B3.  A₁, A₂, ... , A_n are points in the plane. A non-zero real number k_i is assigned to each point, so that the square of the distance between A_i and A_j (for i ≠ j) is k_i + k_j. Show that n is at most 4 and that if n = 4, then 1/k₁ + 1/k₂ + 1/k₃ + 1/k₄ = 0.

Solutions

Problem A1

Find the smallest positive integer n so that a cube with side n can be divided into 1996 cubes each with side a positive integer.

Solution

Answer: 13.

Divide all the cubes into unit cubes. Then the 1996 cubes must each contain at least one unit cube, so the large cube contains at least 1996 unit cubes. But 12³ = 1728 < 1996 < 2197 = 13³, so it is certainly not possible for n < 13.

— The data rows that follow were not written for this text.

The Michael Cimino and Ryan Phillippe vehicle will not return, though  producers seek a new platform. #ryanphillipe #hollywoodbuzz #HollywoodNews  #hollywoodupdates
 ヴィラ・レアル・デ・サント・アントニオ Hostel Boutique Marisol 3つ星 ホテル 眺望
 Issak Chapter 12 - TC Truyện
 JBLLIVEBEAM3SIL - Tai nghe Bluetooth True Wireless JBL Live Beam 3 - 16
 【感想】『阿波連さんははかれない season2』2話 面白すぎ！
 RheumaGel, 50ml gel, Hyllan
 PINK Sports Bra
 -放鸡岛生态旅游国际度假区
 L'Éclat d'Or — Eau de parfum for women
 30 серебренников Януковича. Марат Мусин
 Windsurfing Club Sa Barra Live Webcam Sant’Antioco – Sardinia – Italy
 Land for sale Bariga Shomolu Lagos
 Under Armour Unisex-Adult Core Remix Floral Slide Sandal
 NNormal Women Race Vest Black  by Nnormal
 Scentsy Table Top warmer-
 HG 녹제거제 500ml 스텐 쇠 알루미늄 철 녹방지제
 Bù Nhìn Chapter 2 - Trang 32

It can be achieved with 13 by 1.5³ + 11.2³ + 1984.1³ = 13³ (actually packing the cubes together to form a 13 x 13 x 13 cube is trivial since there are so many unit cubes).

Problem 2

M is the midpoint of the median AD of the triangle ABC. The ray BM meets AC at N. Show that AB is tangent to the circumcircle of NBC iff BM/BN = (BC/BN)².

Solution

Applying Menelaus to the triangle ADC, we have (AM/MD)(BD/DC)(CN/NA) = 1, so (CN/NA) = 2. Hence AN/AC = 1/3. Applying Menelaus to the triangle BNC, we have (BM/MN)(AN/AC)(CD/DB) = 1, so BM/MN = 3. That is true irrespective of whether AB is tangent to the circle NBC.

If AB is tangent, then AB² = AN.AC = 1/3 AC². Also angle ABN = angle BCN, so triangles ANB and ABC are similar. Hence BC/BN = AC/AB. Hence (BC/BN)² = 3 = BM/BN.

Conversely, if (BC/BN)² = BM/BN, then (BC/BN)² = 3.

Now applying the cosine formula to AMN and AMB and using cos AMN + cos AMB = 0, we have (3AN² - 3AM² - 3MN²) + (AB² - AM² - BM²) = 0, so AB² + AC²/3 = AD² + 3/4 BN². Similarly from triangles ADC and ADB we get AB² + AC² = 2AD² + BC²/2. So using BN² = BC²/3 we get 2AB² + 2/3 AC² = AB² + AC² and hence (AC/AB)² = 3 = (BC/BN)². So AC/AB = BC/BN. Note that is not enough to conclude that triangles ABC and BNC are similar, because the common angle C is not between AC and AB. However, we have AN/AB = (1/3) AC/AB = AB/AC, so AB² = AN.AC, so AB is tangent to the circle NBC.

Problem A3

n = k² - k + 1, where k is a prime plus one. Show that we can color some squares of an n x n board black so that each row and column has exactly k black squares, but there is no rectangle with sides parallel to the sides of the board which has its four corner squares black.

Solution

We can regard the rows as lines and the columns as points. Black squares denote incidence. So line 3 contains point 4 iff square (3, 4) is black. The condition about rectangles then means that there is at most one line through two distinct points.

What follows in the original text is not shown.